[[ Supplied data open ]]
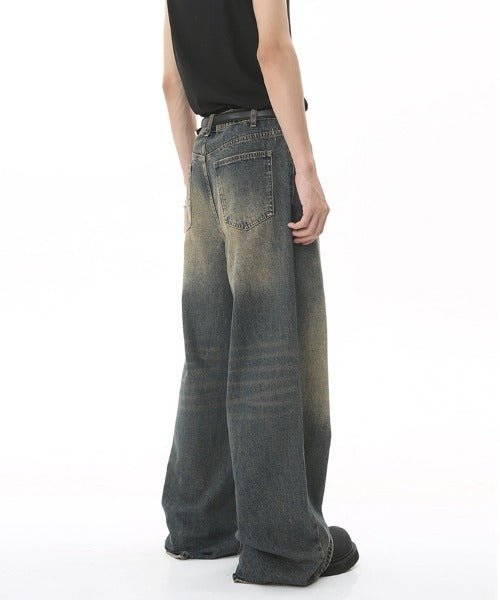 Washed Gradient Loose Jeans - Color: Rustlight - DRIPIOT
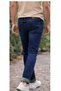 Men's Slim Fit Navy Blue Jeans – Folded Hem, Natural Wash - 4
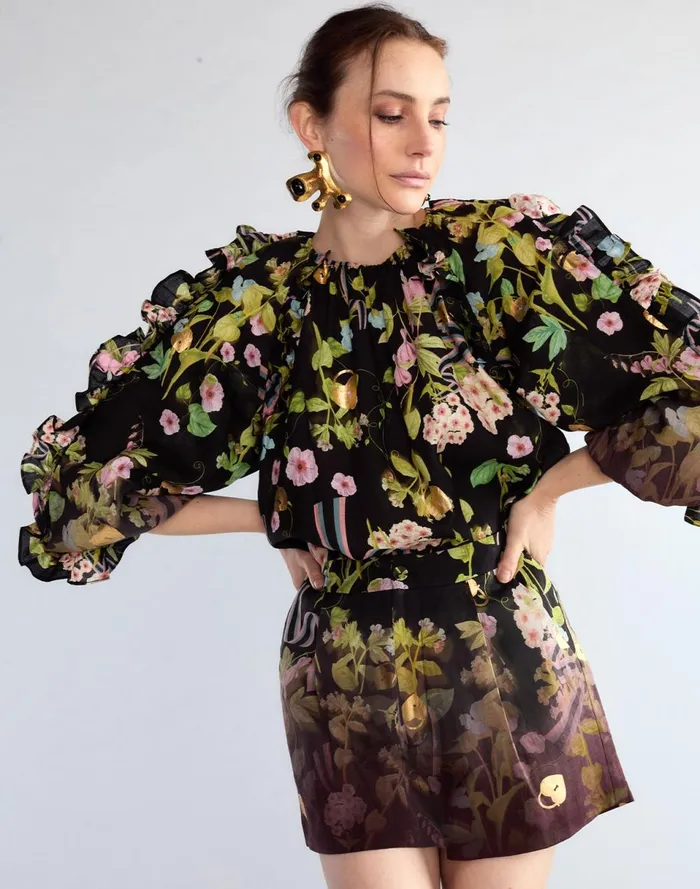 Women Cynthia Rowley Tops Dawn Blouse Black Women Cynthia Rowley Tops Dawn Blouse Black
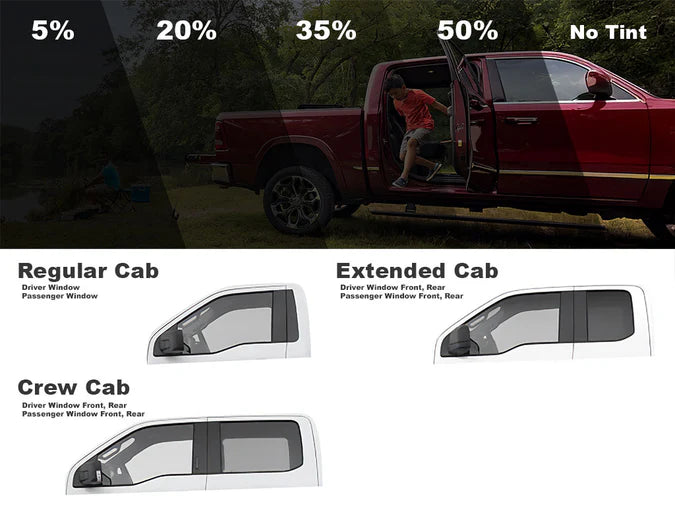 Illustration of a red truck with window tint percentages and different cab types.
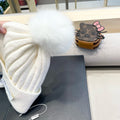 KNITTED BEANIE HAT IN WHITE WOOL AND FOX FUR 435031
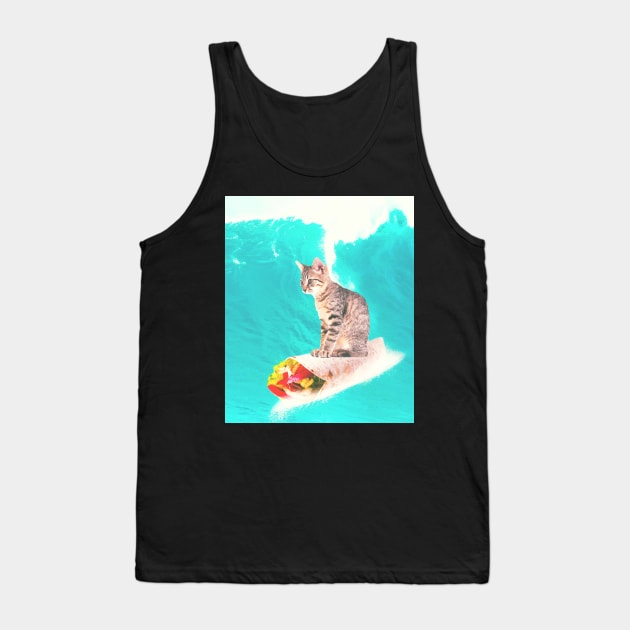 Kitty Cat Surfing Burrito Tank Top by Random Galaxy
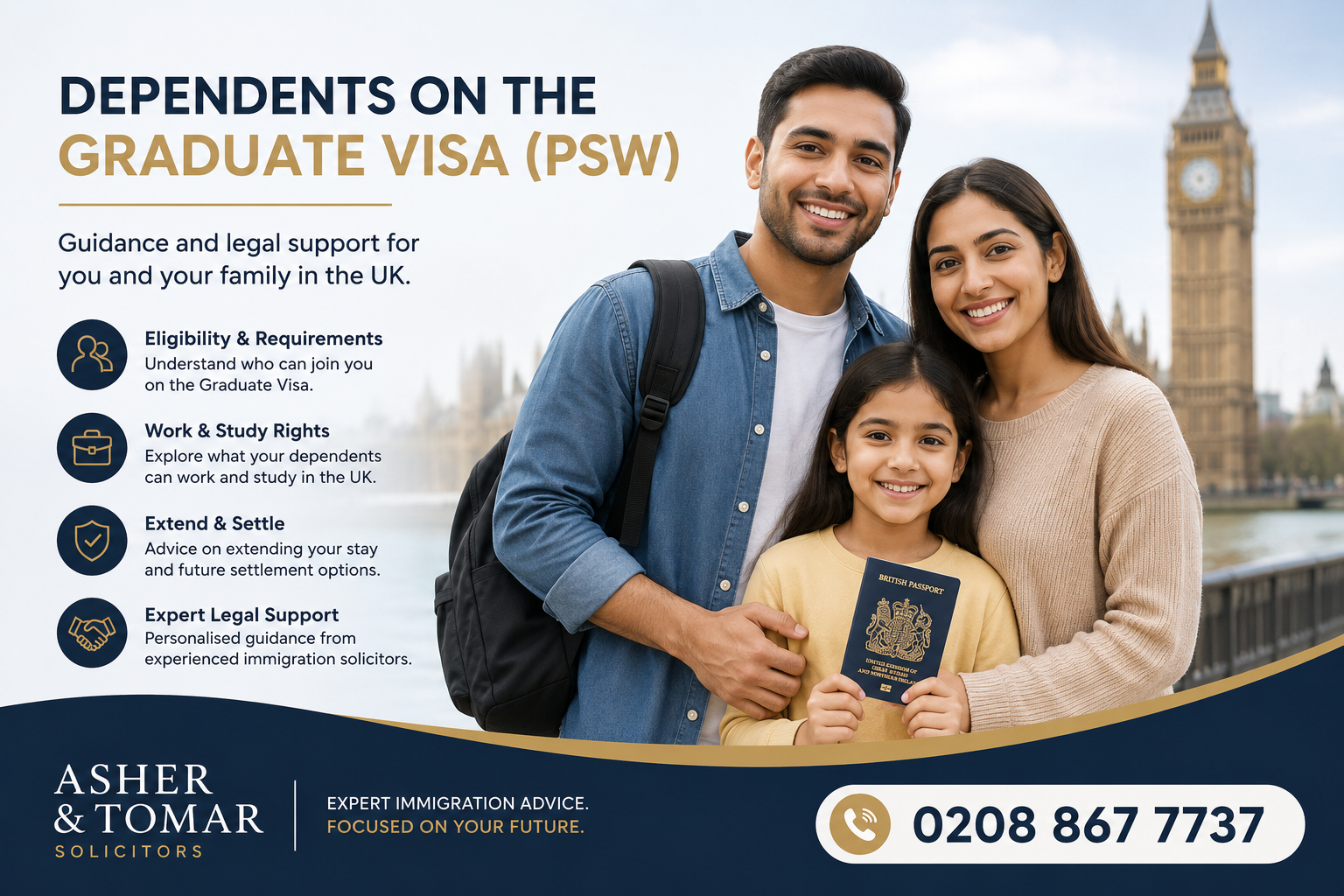 Dependents on the Graduate Visa (PSW) UK immigration guidance banner featuring a family in London with expert legal support from Asher & Tomar Solicitors.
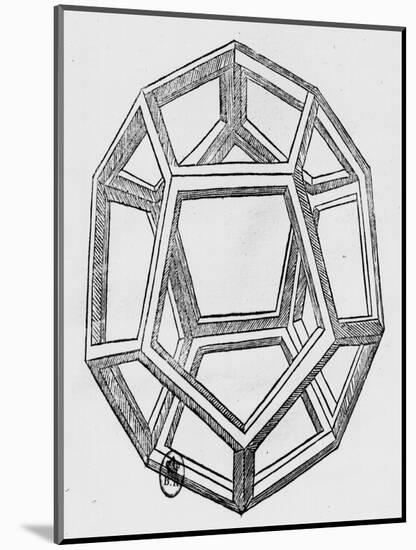 Dodecahedron, from "De Divina Proportione" by Luca Pacioli, Published 1509, Venice-Leonardo da Vinci-Mounted Giclee Print
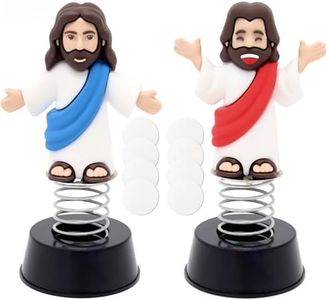 Yelakey 2PCS Dashboard Jesus Dancers Jesus Bobblehead with Open Arms Smile face Car Accessories with Sticky Pad for Christian Drivers Religious Believers Home Decoration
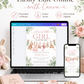 Sweet little girl baby shower invitation with hanging baby clothes, a teddy bear, and greenery in soft pink and sage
[[ Supplied data closed ]]
- [Prompt] Return every record exactly, minus the pictures.

- [Exercise output]
 Washed Gradient Loose Jeans - Color: Rustlight - DRIPIOT
 Men's Slim Fit Navy Blue Jeans – Folded Hem, Natural Wash - 4
 Women Cynthia Rowley Tops Dawn Blouse Black Women Cynthia Rowley Tops Dawn Blouse Black
 Illustration of a red truck with window tint percentages and different cab types.
 KNITTED BEANIE HAT IN WHITE WOOL AND FOX FUR 435031
 Kitty Cat Surfing Burrito Tank Top by Random Galaxy
 Dependents on the Graduate Visa (PSW) UK immigration guidance banner featuring a family in London with expert legal support from Asher & Tomar Solicitors.
 Dodecahedron, from "De Divina Proportione" by Luca Pacioli, Published 1509, Venice-Leonardo da Vinci-Mounted Giclee Print
 Yelakey 2PCS Dashboard Jesus Dancers Jesus Bobblehead with Open Arms Smile face Car Accessories with Sticky Pad for Christian Drivers Religious Believers Home Decoration
 Sweet little girl baby shower invitation with hanging baby clothes, a teddy bear, and greenery in soft pink and sage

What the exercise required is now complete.